Hatchetman: what's up w/ your response/pimping Avery in there??? Talk about catchin' me off-guard. :rollin: oke: The million dollar question: Where are them decoys now?? I just had to give you some flack about that. :wink: :lol:


----------



## universitywaterfowler (Jul 15, 2007)

If you have the space the full bodies will work better, more realistic motion, stacking the shells can scratch them too. If your a little tight on space and or money the shells are more than adequate to kill you all the ducks you'll ever need.


----------



## Acemallard (Sep 30, 2003)

I agree with the statment you will kill ducks with either. I just have a problem with the stakes on the shells. I hunt late into the year and that stake will not go into frozen ground to well. Thats why we use the FBs. My 2 cents worth.

HARDCORE WATERFOWLER


----------



## universitywaterfowler (Jul 15, 2007)

I agree with you, just didn't think I had to point that particular problem out.
also helps to have the bases when you have weeds over the ground, stakes penetrate the weeds, which puts the decoys so low they hit ground, or the weeds and wont move. The bases will sit on top of the weeds doing exactly what they need to do. Same thing happens with snow, skates go through snow then down into ground, the decoys ends up hitting the snow then rendering the motion system useless while if you use bases the bases sit on top of or close enough to the top of the snow that the motion will still work.
Long explanation for something I didn't think had to be said.
Good luck this season gentleman.


----------



## Shu (Oct 21, 2003)

bandman said:


> Take this to the bank: It's really not going to matter if you have 20 year old floaters or the best fb decoy on the market out there as long as you've done your homework and know what you're doing.
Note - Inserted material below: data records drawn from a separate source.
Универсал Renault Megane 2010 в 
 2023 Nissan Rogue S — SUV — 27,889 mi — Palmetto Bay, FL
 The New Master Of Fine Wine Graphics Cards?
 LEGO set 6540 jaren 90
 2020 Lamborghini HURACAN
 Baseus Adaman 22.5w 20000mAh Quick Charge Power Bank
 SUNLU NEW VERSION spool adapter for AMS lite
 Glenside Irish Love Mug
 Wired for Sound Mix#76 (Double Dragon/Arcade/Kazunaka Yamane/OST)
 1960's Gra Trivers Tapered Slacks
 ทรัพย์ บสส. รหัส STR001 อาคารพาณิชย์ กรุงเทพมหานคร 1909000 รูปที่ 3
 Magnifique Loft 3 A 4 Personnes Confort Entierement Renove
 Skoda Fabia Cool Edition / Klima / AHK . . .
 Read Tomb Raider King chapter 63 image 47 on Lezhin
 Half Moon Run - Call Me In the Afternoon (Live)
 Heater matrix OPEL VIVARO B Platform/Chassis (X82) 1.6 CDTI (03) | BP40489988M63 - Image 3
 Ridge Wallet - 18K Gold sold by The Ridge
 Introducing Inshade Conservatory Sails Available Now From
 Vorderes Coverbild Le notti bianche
Exactly. They will come to the goose dekes first and foremost and then mallard dekes can't hurt. The first few years in Nodak we hunted with goose shells and sillys with duck floaters propped up against the wheat stalks and did great. Location, location, location. Good luck!


----------



## universitywaterfowler (Jul 15, 2007)

Come on he didn't say this was his first time every seeing ducks and geese im sure he knows that. Everyone who has ever hunted waterfowl should know ducks like to land with geese. 
He isn't asking for generic answers hit him with something real.


----------



## Shu (Oct 21, 2003)

read between the lines pro - you don't need fullbodys to kill ducks. That real enough for ya?


----------



## universitywaterfowler (Jul 15, 2007)

Yes we know this, everyone know this.
I was just takin a poke at the fact that everyone says such generic stuff all the time. We know scout scout scout, hunt where the birds want to be, bigfoot decoys work and so do avery.
He wants to know how they work and which would be better, he is a seasoned hunter, he doesn't want to hear you don't need them, or goose decoys work just fine.
again just taking a poke to keep this interesting.


----------



## shooteminthelips (Jun 13, 2007)

Your right University. I have been at this a long time. Not as long as Hustad or Porkchop, but then again those guys are really old! J/K.

What I am doing is building a killer duck spread for the field. I dont hunt water, but a lot of time we hunt geese in the morning and ducks in the afternoon. I have the money to spend and I want a really cool looking spread for Mallies in the field. Full Bodys are really cool and I have the room for either decoy, just was wondering if anyone had bought the shells tried them and wished they would have bought the full bodys instead. Or tried the shells and are glad they didnt buy the full bodys.

Trust me I am always on the X. Inless I have had to many Budlights the night before. Ever driven around in a field for an hour trying to find the right spot? I have! And this isnt my first rodeo!


----------



## bandman (Feb 13, 2006)

universitywaterfowler said:


> I was just takin a poke at the fact that everyone says such generic stuff all the time. again just taking a poke to keep this interesting.


I think you need a oke: 
You're making a mistake knocking on people putting in their varied .02 trying to help and losing future credibility/respect with those same people at the same time IMO.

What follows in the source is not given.